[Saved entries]
⁂

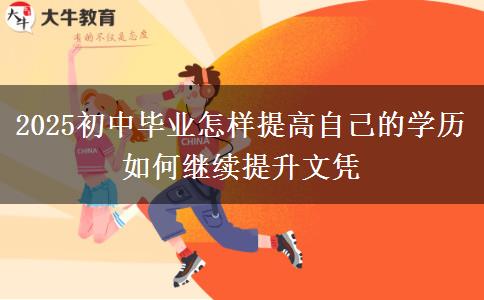 2025初中毕业怎样提高自己的学历 如何继续提升文凭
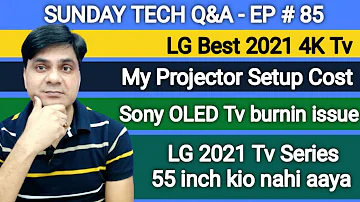 LG 2021 Best 4k tv model | My Projector Setup Cost | Sony Oled Tv burin issue | Lg UP7700 vs UN7300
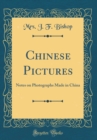 Image for Chinese Pictures: Notes on Photographs Made in China (Classic Reprint)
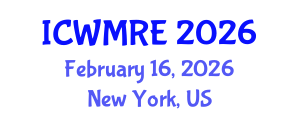 International Conference on Waste Management, Recycling and Environment (ICWMRE) February 16, 2026 - New York, United States International Conference on Waste Management, Recycling and Environment (ICWMRE) February 16, 2026 - New York, United States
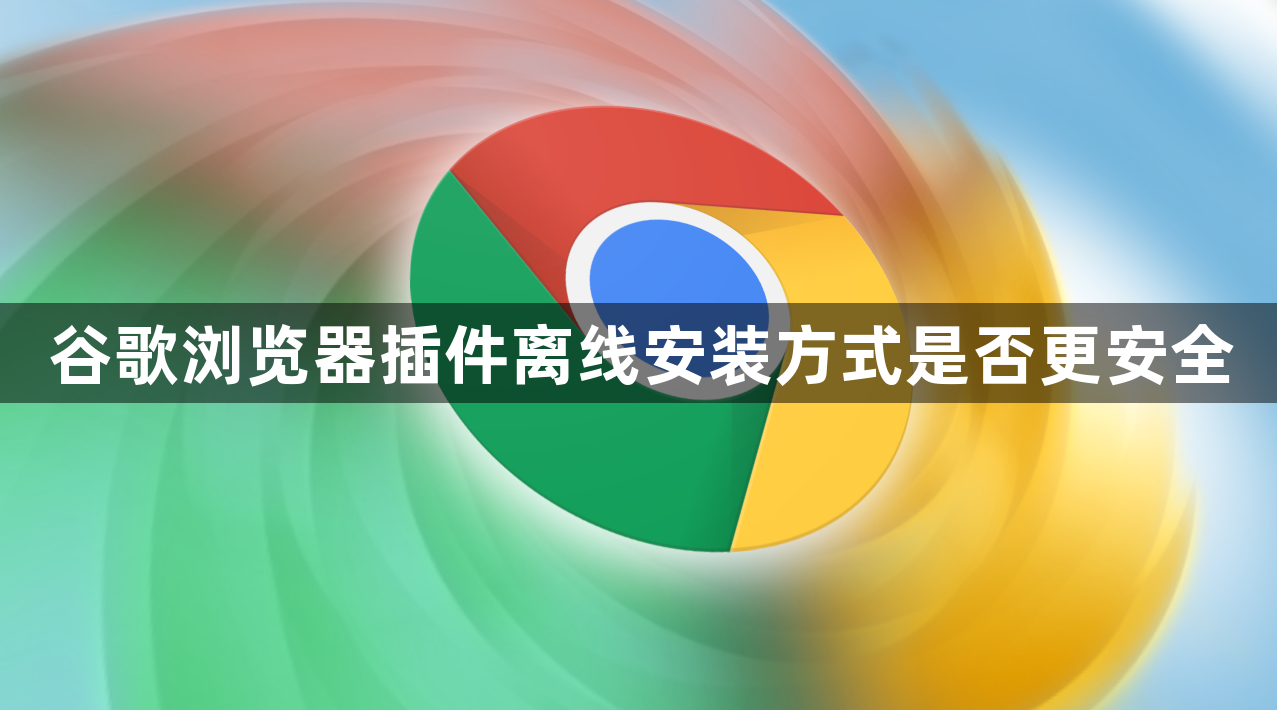 谷歌浏览器插件离线安装方式是否更安全1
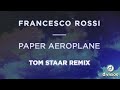 Francesco Rossi - Paper Aeroplane [Tom Staar ...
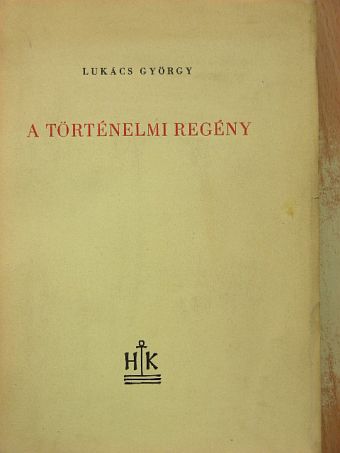 Lukács György - A történelmi regény [antikvár]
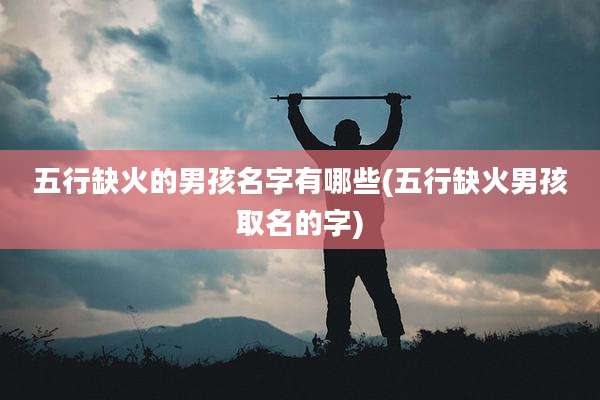 五行缺火的男孩名字有哪些(五行缺火男孩取名的字)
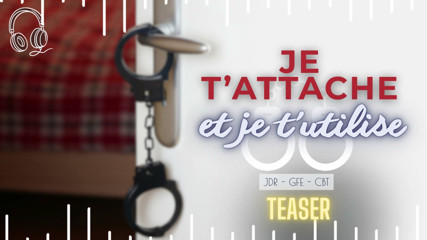 I Tie You Up And I Use You - French audio femdom cbt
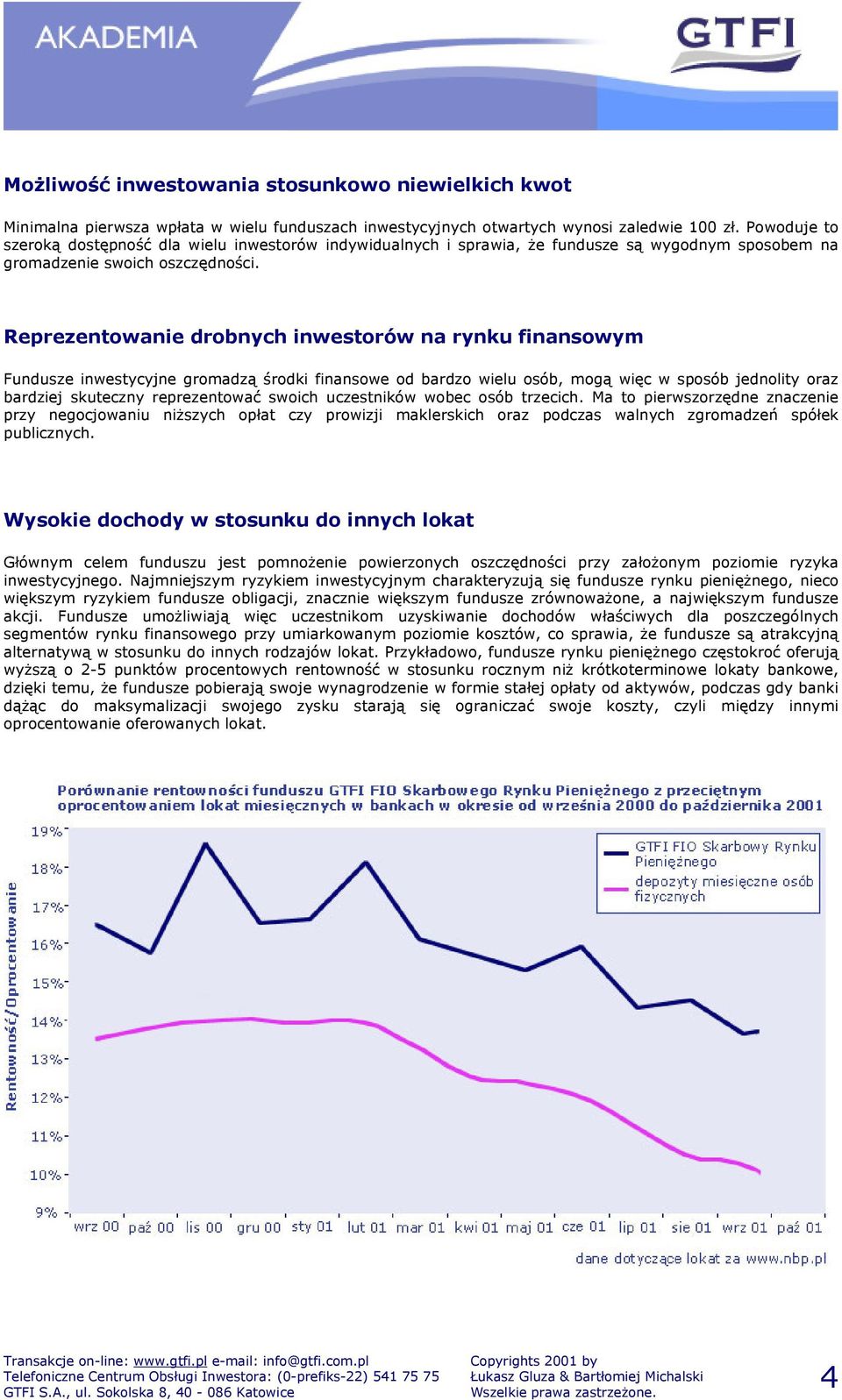 Reprezentowanie drobnych inwestorów na rynku finansowym Fundusze inwestycyjne gromadzą środki finansowe od bardzo wielu osób, mogą więc w sposób jednolity oraz bardziej skuteczny reprezentować swoich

⁂

▸ AIM OF THE TASK
Reproduce exactly, and only, the lines from the one holding "I Tie You Up" through the final line of the entries. Do not include the pictures.

▸ OUTPUT FOR THIS EXERCISE
 I Tie You Up And I Use You - French audio femdom cbt
 Reprezentowanie drobnych inwestorów na rynku finansowym Fundusze inwestycyjne gromadzą środki finansowe od bardzo wielu osób, mogą więc w sposób jednolity oraz bardziej skuteczny reprezentować swoich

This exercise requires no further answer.